Task to carry out - Read through the data and report every line in which the word "from" occurs.

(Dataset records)
━━━━━━

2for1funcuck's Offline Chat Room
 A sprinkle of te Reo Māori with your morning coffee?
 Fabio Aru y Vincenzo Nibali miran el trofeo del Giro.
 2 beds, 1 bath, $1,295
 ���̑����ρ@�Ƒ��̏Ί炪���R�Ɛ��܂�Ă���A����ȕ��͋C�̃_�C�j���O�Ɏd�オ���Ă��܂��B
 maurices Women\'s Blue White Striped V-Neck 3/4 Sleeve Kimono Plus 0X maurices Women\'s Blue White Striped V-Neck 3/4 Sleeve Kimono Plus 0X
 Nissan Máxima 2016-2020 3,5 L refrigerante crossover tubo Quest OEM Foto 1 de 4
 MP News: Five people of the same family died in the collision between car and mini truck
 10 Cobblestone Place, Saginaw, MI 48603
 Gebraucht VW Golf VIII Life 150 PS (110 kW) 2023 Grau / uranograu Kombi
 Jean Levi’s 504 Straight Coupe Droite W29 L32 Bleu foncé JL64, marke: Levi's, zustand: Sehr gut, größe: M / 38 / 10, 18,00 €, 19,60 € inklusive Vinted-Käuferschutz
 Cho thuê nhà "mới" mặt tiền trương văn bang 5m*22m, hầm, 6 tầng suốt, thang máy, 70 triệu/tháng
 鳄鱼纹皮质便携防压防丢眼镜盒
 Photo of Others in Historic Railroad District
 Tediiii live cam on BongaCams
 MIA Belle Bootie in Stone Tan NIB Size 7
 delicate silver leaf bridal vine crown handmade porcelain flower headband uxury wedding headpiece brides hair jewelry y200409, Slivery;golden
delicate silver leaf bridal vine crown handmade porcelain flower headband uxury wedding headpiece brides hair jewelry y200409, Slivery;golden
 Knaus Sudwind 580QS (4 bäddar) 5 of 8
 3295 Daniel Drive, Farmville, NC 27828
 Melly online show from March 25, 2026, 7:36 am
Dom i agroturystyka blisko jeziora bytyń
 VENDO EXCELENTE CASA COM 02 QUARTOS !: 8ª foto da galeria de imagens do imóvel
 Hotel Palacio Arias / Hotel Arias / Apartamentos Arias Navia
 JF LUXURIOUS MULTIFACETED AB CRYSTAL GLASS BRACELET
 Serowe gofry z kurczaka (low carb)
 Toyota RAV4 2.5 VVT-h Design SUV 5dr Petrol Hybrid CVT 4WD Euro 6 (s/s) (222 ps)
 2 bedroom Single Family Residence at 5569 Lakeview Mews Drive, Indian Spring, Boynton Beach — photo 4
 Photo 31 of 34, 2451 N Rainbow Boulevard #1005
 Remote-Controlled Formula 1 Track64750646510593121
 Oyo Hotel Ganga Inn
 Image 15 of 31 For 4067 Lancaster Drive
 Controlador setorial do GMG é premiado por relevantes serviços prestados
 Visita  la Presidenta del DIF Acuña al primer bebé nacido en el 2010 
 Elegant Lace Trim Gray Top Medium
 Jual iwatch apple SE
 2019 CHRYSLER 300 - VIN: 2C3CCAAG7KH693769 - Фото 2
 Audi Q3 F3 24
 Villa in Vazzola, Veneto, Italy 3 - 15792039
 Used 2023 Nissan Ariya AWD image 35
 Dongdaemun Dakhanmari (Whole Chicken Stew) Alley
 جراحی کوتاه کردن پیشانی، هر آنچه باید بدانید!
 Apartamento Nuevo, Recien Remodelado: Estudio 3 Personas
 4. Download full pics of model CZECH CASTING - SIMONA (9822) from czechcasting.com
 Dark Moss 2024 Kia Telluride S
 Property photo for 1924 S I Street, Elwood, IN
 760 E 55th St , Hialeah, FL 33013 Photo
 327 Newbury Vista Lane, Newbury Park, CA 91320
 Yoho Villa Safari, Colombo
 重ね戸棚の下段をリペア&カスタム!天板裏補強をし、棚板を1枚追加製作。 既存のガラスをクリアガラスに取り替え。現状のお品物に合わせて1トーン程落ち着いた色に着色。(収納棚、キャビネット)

━━━━━━

Task result -
 Melly online show from March 25, 2026, 7:36 am
 4. Download full pics of model CZECH CASTING - SIMONA (9822) from czechcasting.com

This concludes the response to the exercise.